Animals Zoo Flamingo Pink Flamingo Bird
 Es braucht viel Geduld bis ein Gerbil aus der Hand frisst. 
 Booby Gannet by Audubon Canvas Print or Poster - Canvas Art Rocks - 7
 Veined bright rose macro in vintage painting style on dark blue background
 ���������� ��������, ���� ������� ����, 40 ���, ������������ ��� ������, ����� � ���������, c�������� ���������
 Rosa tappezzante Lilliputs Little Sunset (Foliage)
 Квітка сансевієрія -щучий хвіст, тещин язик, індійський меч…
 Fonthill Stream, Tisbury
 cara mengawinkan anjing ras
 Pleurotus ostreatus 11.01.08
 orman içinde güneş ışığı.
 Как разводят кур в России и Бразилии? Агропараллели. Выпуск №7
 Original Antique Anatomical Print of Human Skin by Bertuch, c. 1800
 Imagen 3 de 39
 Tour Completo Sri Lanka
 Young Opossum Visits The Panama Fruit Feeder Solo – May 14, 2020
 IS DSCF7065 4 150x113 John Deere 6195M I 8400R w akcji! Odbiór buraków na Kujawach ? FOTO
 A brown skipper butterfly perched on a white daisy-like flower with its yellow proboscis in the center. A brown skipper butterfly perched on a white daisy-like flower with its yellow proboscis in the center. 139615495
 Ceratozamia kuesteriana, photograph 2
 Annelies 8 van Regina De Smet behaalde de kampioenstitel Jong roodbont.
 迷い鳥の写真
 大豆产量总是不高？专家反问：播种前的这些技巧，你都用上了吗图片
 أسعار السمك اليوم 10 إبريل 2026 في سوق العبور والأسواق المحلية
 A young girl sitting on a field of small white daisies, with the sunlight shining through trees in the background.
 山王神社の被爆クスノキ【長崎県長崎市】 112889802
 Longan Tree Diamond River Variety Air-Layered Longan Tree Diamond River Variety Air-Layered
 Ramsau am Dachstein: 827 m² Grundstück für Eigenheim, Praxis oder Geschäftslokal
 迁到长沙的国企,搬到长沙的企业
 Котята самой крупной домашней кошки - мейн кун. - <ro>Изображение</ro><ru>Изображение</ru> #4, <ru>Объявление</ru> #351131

________________________________________

• **Task to complete**
Give the lines of the material above again, exactly, from its first line through the line that contains "orman içinde güneş ışığı." and no further.

• **Exercise output**
Animals Zoo Flamingo Pink Flamingo Bird
 Es braucht viel Geduld bis ein Gerbil aus der Hand frisst. 
 Booby Gannet by Audubon Canvas Print or Poster - Canvas Art Rocks - 7
 Veined bright rose macro in vintage painting style on dark blue background
 ���������� ��������, ���� ������� ����, 40 ���, ������������ ��� ������, ����� � ���������, c�������� ���������
 Rosa tappezzante Lilliputs Little Sunset (Foliage)
 Квітка сансевієрія -щучий хвіст, тещин язик, індійський меч…
 Fonthill Stream, Tisbury
 cara mengawinkan anjing ras
 Pleurotus ostreatus 11.01.08
 orman içinde güneş ışığı.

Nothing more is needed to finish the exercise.